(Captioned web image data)
------------
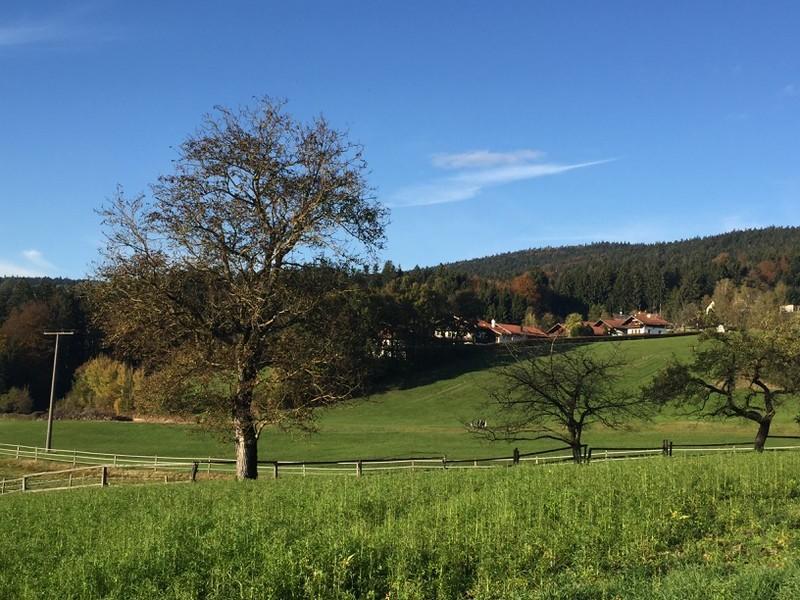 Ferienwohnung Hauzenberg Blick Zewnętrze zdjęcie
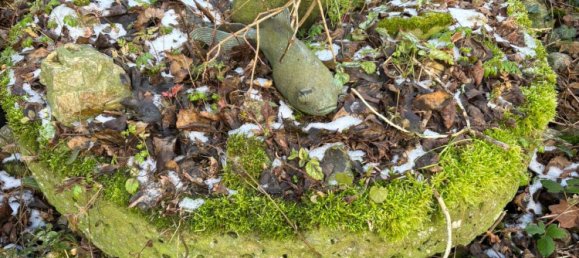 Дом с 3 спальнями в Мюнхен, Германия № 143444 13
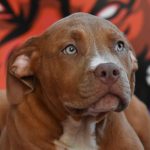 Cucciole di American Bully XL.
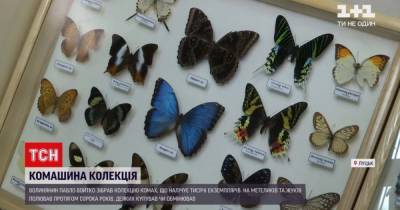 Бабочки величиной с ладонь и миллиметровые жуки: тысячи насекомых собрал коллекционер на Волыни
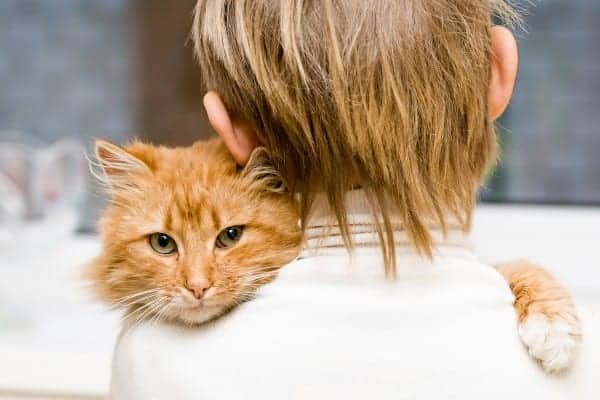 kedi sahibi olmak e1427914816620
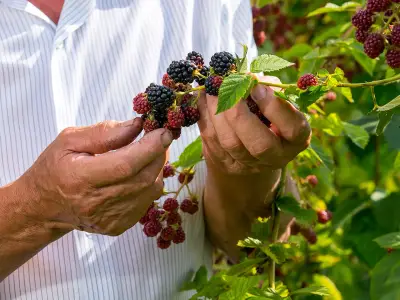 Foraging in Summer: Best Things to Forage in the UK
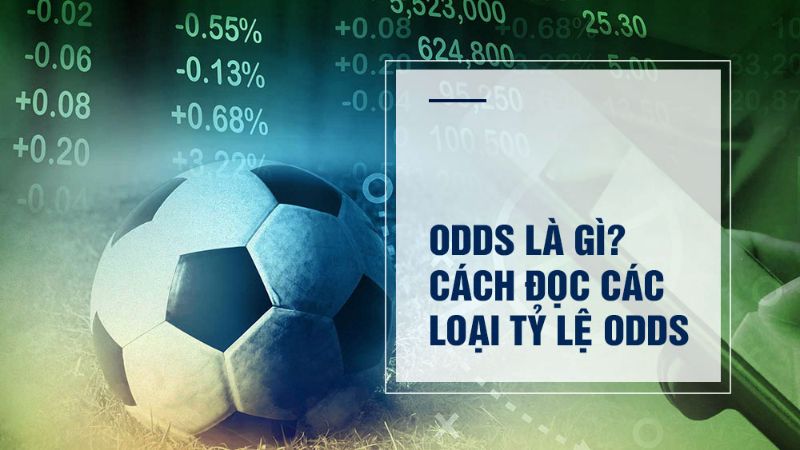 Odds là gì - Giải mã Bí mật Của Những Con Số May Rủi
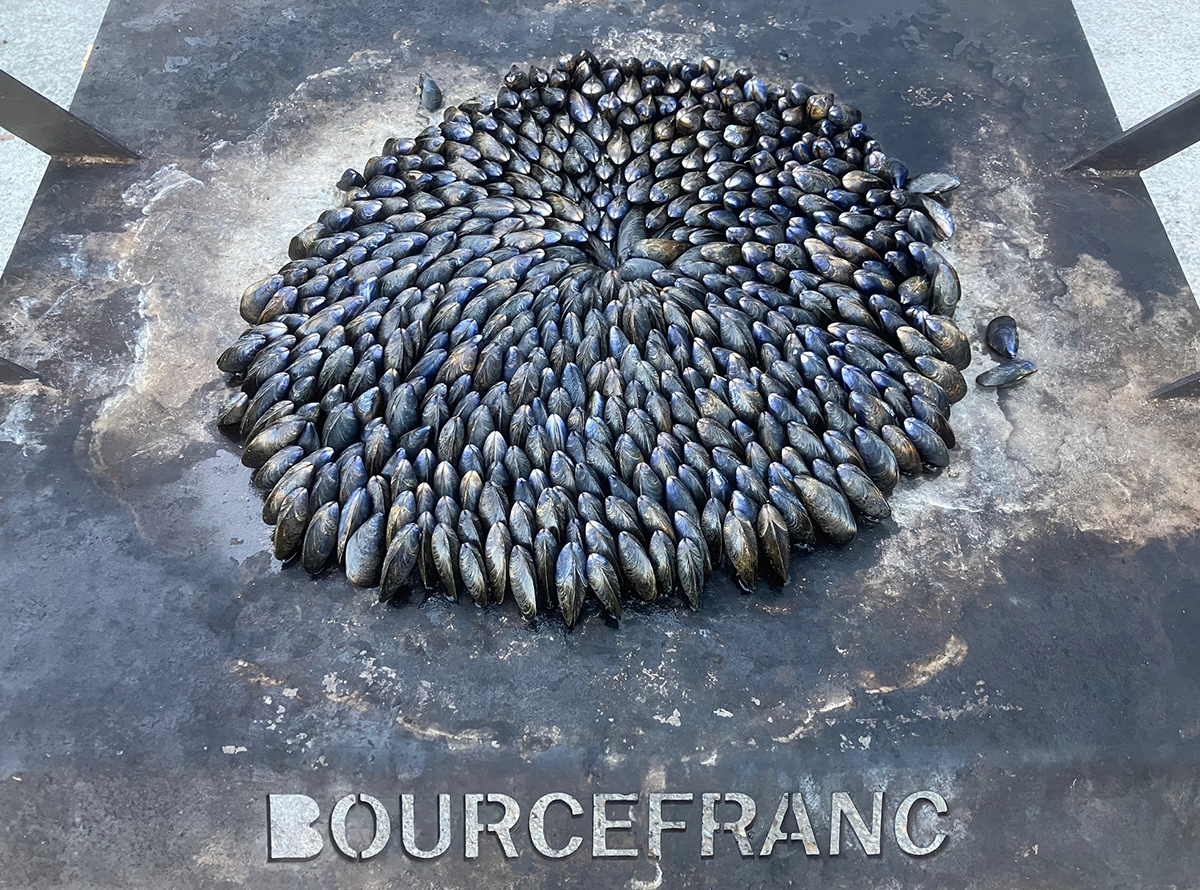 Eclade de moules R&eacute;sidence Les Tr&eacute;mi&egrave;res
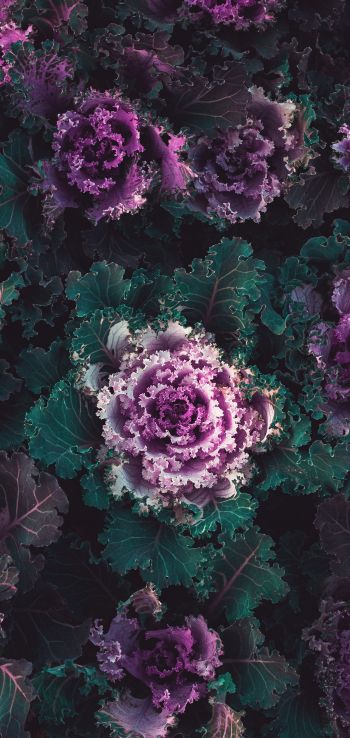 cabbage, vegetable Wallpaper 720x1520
------------
## TASK INSTRUCTIONS
Transcribe all the lines above exactly, apart from the pictures.

## PROBLEM SOLUTION
 Ferienwohnung Hauzenberg Blick Zewnętrze zdjęcie
 Дом с 3 спальнями в Мюнхен, Германия № 143444 13
 Cucciole di American Bully XL.
 Бабочки величиной с ладонь и миллиметровые жуки: тысячи насекомых собрал коллекционер на Волыни
 kedi sahibi olmak e1427914816620
 Foraging in Summer: Best Things to Forage in the UK
 Odds là gì - Giải mã Bí mật Của Những Con Số May Rủi
 Eclade de moules R&eacute;sidence Les Tr&eacute;mi&egrave;res
 cabbage, vegetable Wallpaper 720x1520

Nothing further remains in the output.